La ligne de force qui traverse le film est la dialectique entre frontières physiques et frontières intimes qui empêchent les individus. La réalisatrice se saisit ave brio cette thématique des limites qui encerclent un individu et un lieu : Mare est une femme-pilier enfermée dans une famille, certes aimante et qu’elle aime, mais qui ne lui offre que peu de perspectives d’évolution. Ils habitent à côté de l’aéroport de Konavle près de Dubrovnik où son mari travaille à la surveillance de la clôture de sécurité.
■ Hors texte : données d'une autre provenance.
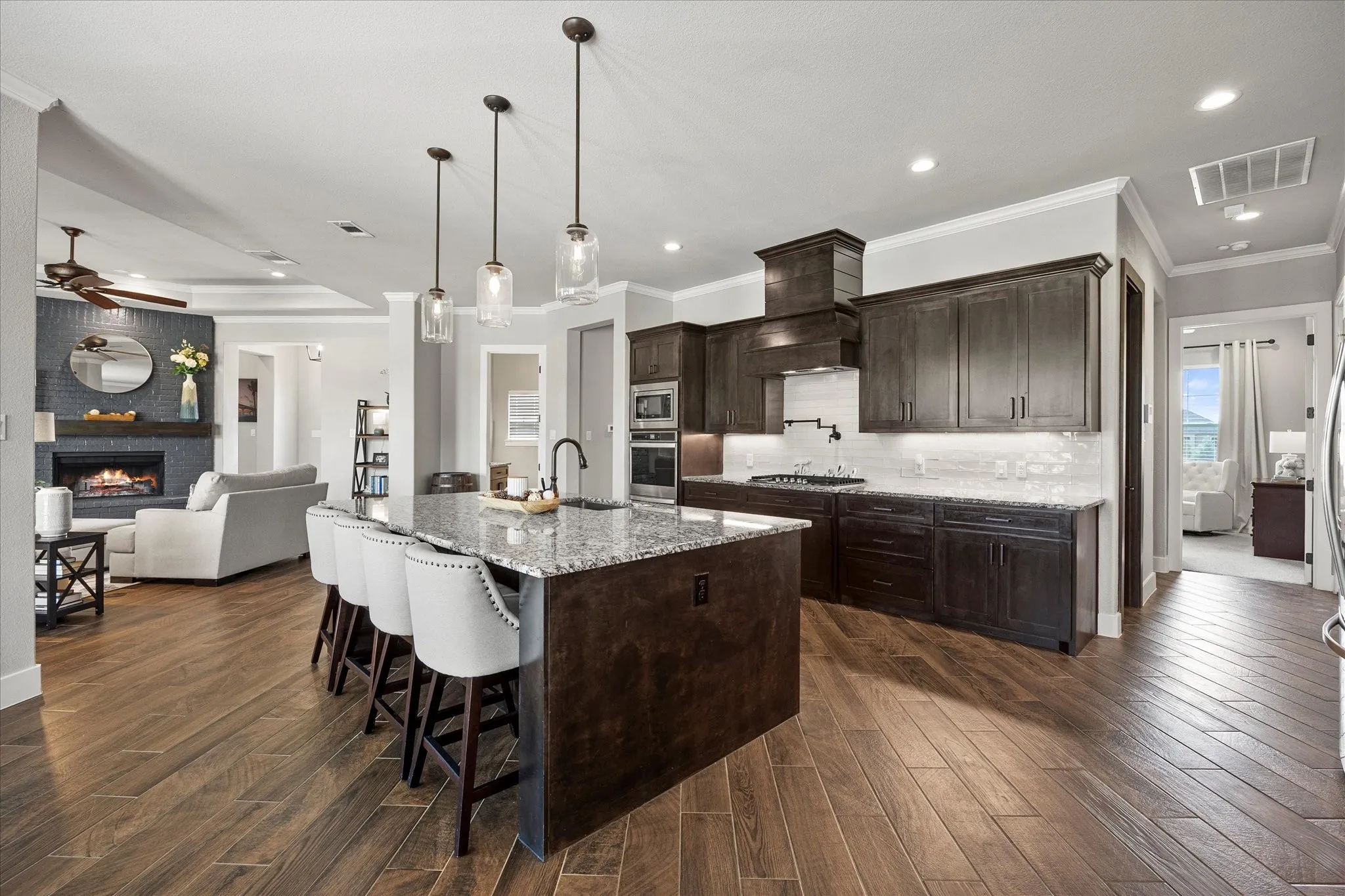 Open floor plan features dream kitchen opening onto family room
Les avions atterrissent et décollent pour les touristes, les habitants ayant pour loisir de les regarder arriver et partir.
Mare est interprétée par l’actrice fétiche de la réalisatrice, Marija Škaričić, qui porte littéralement le film sur ses épaules en embarquant le spectateur dans son sillage. Tout est question de cadres dans ce film, cadre qui, comme un vieux polaroid prend un instantané de la vie banale et ennuyeuse de Mare, enfermée dans la promiscuité d’une maison non finie avec son mari (Goran Navojec) et ses enfants, qu’elle aime mais qui ne l’empêchent pas de se languir d’un ailleurs synonyme de liberté et d’autodétermination. La première scène est à cet égard emblématique : c’est le matin, Mare est aux toilettes qui sont dans la salle de bains et l’un.e après l’autre, les membres de sa famille entrent et sortent sans faire attention à elle. Elle est à la fois le mur portant de ce foyer et parfois invisible car sa présence est une évidence. Les frontières se définissent également par celle de l’identité, celle que chacun.e lui donne : elle est la mère au foyer pour ses enfants et son mari, pour son frère elle est celle qui lui permet de vivre dans la maison de ses parents, pour son père elle est celle qu’il a fait revenir de Zurich, où elle habitait avec sa tante, afin qu’elle reste dans le droit chemin ; il n’y a que sa mère qui semble ressentir le changement qui commence à s’opérer chez elle. Car Mare est aussi une femme, qui recherche également un peu de liberté pour son corps. Quand un chef de chantier polonais (Mateusz Kościukiewicz) croisera son chemin, elle franchira une limite émancipatrice.
Ce qui est fascinant, c’est la manière dont la réalisatrice utilise la caméra – tenue par Erol Zubcevic – pour explorer toutes ces limites qui s’enchevêtrent tout en appréhendant les espaces de liberté qui peuvent éclore dans ces garde-corps. Ainsi la nature magnifique et sauvage entre mer et montagnes s’impose dans ce format carré aux coins arrondis et lorsque Mare et et Piotr rouleront, cheveux au vent, sur les routes escarpées du bord de mer, le plan rapproché (technique qui officie tout au long du film) donne à la fois cette sensation d’être enfermé dans un cadre et de vivre un grand moment de liberté, même éphémère.
Le parti pris esthétique de tourner le film en super 16 mm sert à merveille Mare en donnant à l’image du grain, aux peaux et à la nature du volume et permet de « salir » un peu le rendu d’un quotidien qui n’a rien d’affriolant tout en magnifiant la lumière qui le baigne.
D’Andrea Štaka; avec Marija Škaričić, Goran Navojec, Mateusz Kościukiewicz , Mirjana Karanović , Arta Dobroshi; Suisse, Croatie; 2020; 84 minutes.